● TO DO:
Among the records below, find the line with "Checkers & Racecars" and the line with "The Central Locality". Set down both and every line between, exactly and with no pictures, but nothing else.

● MATERIAL PROVIDED:
......
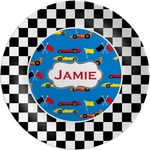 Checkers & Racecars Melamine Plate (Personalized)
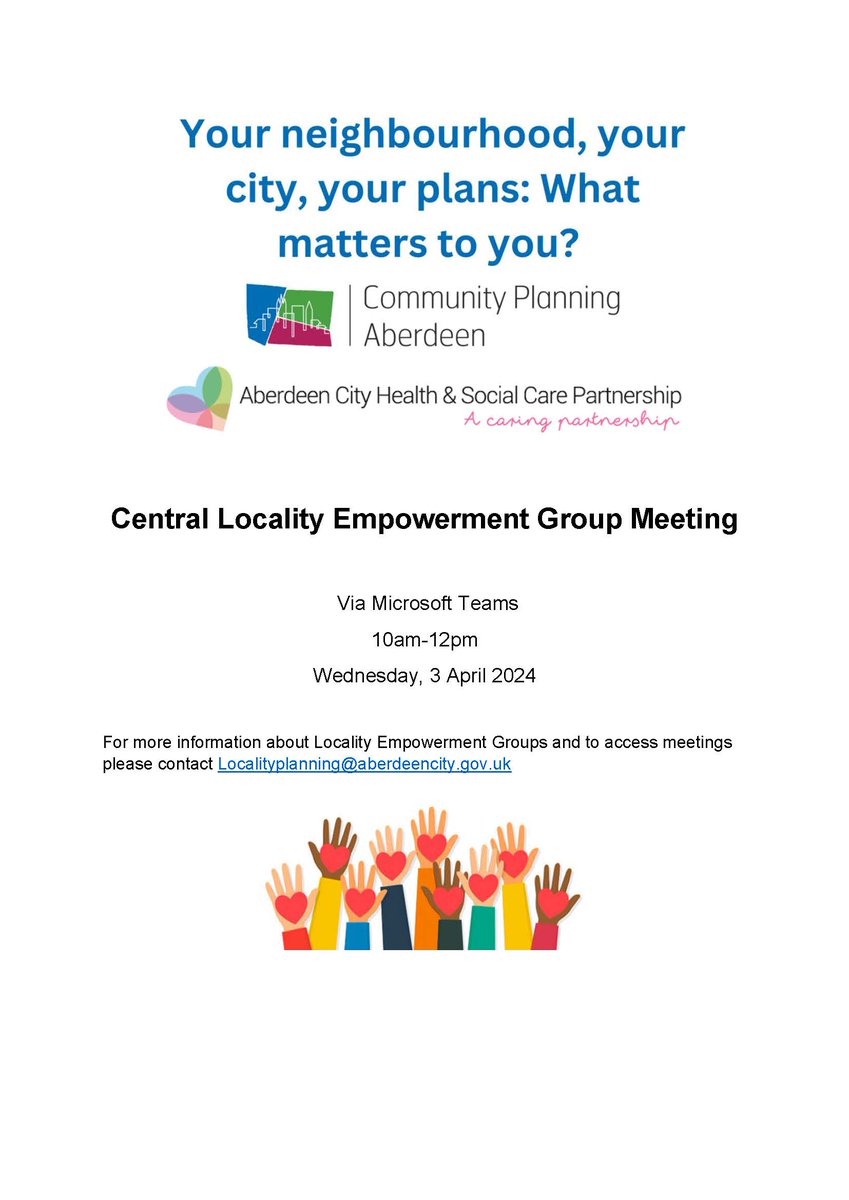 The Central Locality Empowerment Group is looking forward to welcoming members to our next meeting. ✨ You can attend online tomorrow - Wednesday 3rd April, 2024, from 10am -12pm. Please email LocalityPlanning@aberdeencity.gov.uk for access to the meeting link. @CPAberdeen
......
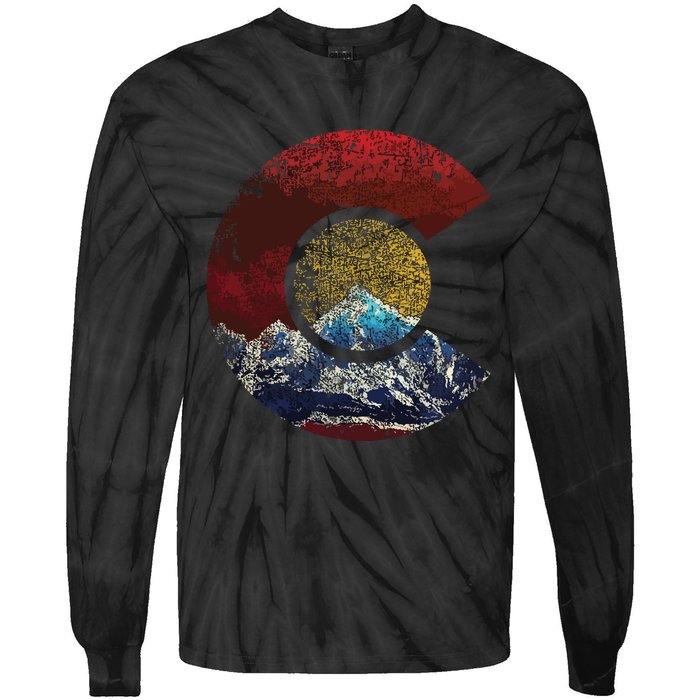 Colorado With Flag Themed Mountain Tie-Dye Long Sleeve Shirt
......
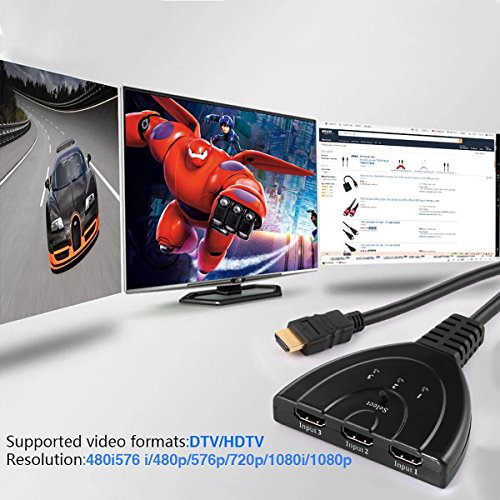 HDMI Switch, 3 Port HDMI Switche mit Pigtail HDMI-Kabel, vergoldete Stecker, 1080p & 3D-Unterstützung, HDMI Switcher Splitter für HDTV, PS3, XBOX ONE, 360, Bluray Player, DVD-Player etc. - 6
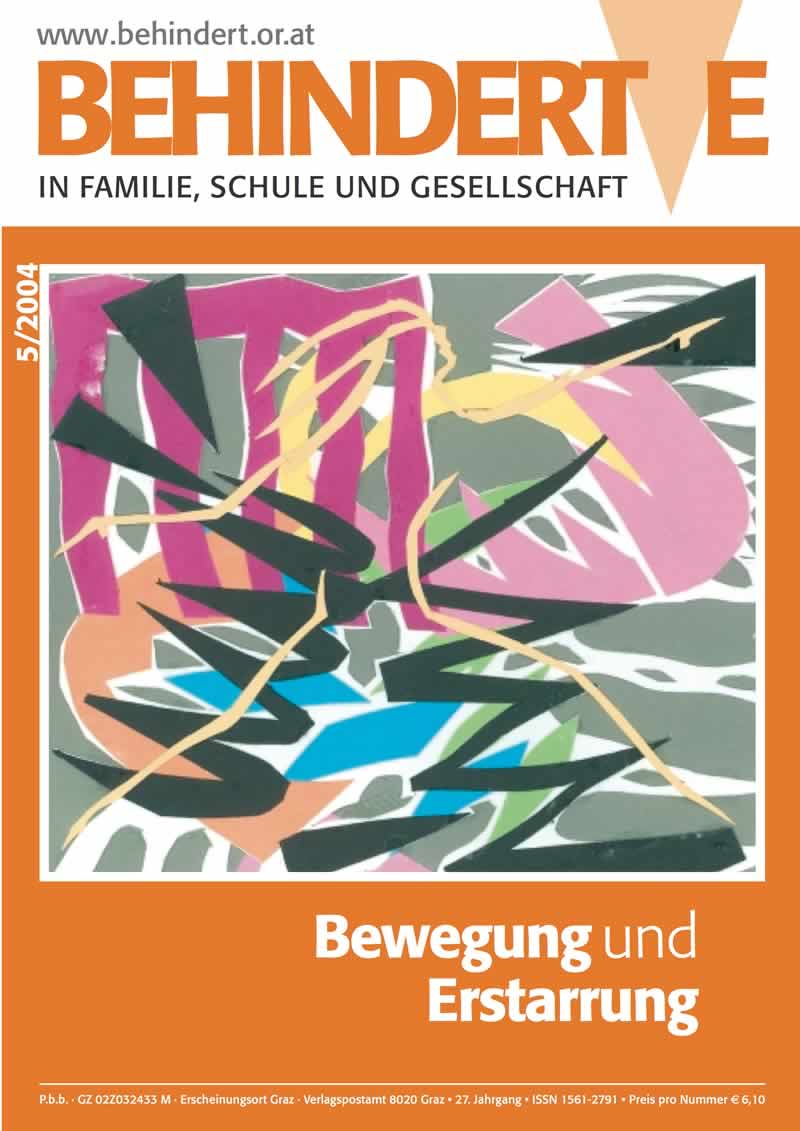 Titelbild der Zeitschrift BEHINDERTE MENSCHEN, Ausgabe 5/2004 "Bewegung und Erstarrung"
......
● RESULT FOR THIS TASK:
 Checkers & Racecars Melamine Plate (Personalized)
 The Central Locality Empowerment Group is looking forward to welcoming members to our next meeting. ✨ You can attend online tomorrow - Wednesday 3rd April, 2024, from 10am -12pm. Please email LocalityPlanning@aberdeencity.gov.uk for access to the meeting link. @CPAberdeen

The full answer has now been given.